Studio components are configurations within a customer’s Nimble Studio that tell the service how to access resources like file systems, license servers, and render farms in your AWS account.

Nimble Studio contains a number of subtypes of studio components including a shared file system, compute farm, Active Directory, and license component. These subtypes describe resources that you would like your studio to use.

Studio home Region (home Region)

A studio home Region is the AWS Region where essential studio infrastructure exists, such as your main Amazon S3 data and render farm.

Your home Region is where your core production data lives, so it's typically closest to where the core production is happening. A geographically distributed studio might select the home Region to be close to the majority of its creative workforce.

Studio resources

Studio resources is an industry term that encapsulates the things a studio needs in their daily operations. Studio artists often refer to their render farm, AWS Managed Microsoft AD, and file storage as resources. When describing how resources fit into the infrastructure of a cloud studio, they might be also referred to as studio components.

Subnet

A subnet is a range of IP addresses in your VPC. When a subnet’s traffic is routed to an internet gateway, the subnet is known as a public subnet.

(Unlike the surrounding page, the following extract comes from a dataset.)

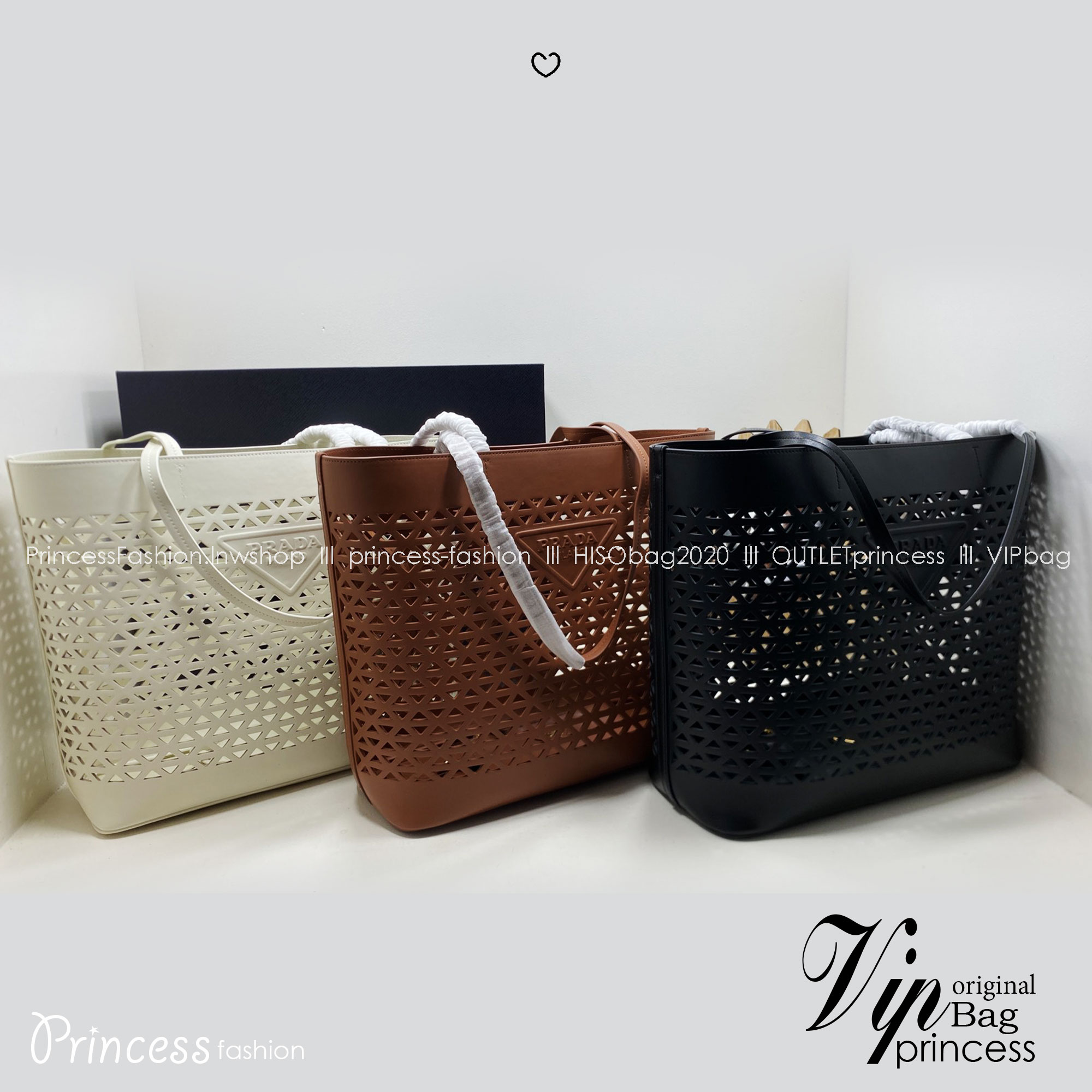 TOP ORI หนังแท้ | Prada Large perforated leather tote bag กระเป๋าทรงโท้ทใบใหญ่ ใจบางที่สุดกับคอลเลคชั่นนี้ ที่เพิ่มดีเทลความแพงด้วยการฉลุลวดลายรอบใบ ถักทอเป็นเส้นลายสานที่สวยงามมาก งานฝีมือจริงๆ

VPN-only subnet: If a subnet doesn’t have a route to the internet gateway, but has its traffic routed to a virtual private gateway for a site-to-site VPN connection, the subnet is known as a VPN-only subnet.

Private subnet: A subnet that doesn’t have a route to the internet gateway is known as a private subnet. For more information, see Examples for VPC, Internet gateways, and What is AWS Site-to-Site VPN? in the AWS Site-to-Site VPN User Guide.

Tags

A tag is a label that you assign to an AWS resource. Each tag consists of a key and an optional value that you define.

Tags enable you to categorize your AWS resources in different ways. For example, you could define a set of tags for your account’s Amazon EC2 instances that help you track each instance’s owner and stack level. Tags also enable you to integrate your organization’s shared file systems and render farms with Nimble Studio, to keep your workflows uninterrupted while you move your workforce to the cloud.

With tags, you can categorize your AWS resources by purpose, owner, or environment. This is useful when you have many resources of the same type—you can quickly identify a specific resource based on the tags that you’ve assigned to it.

User-managed VPC

A user-managed VPC is a virtual private cloud (VPC) in your AWS account that you control. StudioBuider provides you with a default VPC in Amazon Virtual Private Cloud (Amazon VPC) during deployment.

Nimble Studio accesses and manages studio components in your AWS account. These components must be connected to the user-managed VPC to provide network connectivity to Nimble Studio and to each other.

Virtual workstation (workstation)

A virtual workstation is configured with all of the applications, tools, and data that an artist needs to do their work. To access their virtual workstation, the artist must use launch profiles that the admin assigned to them, and launch a streaming session from the portal. After the streaming session starts, the artist can use the software applications, storage, and render farm that was configured for them in their works.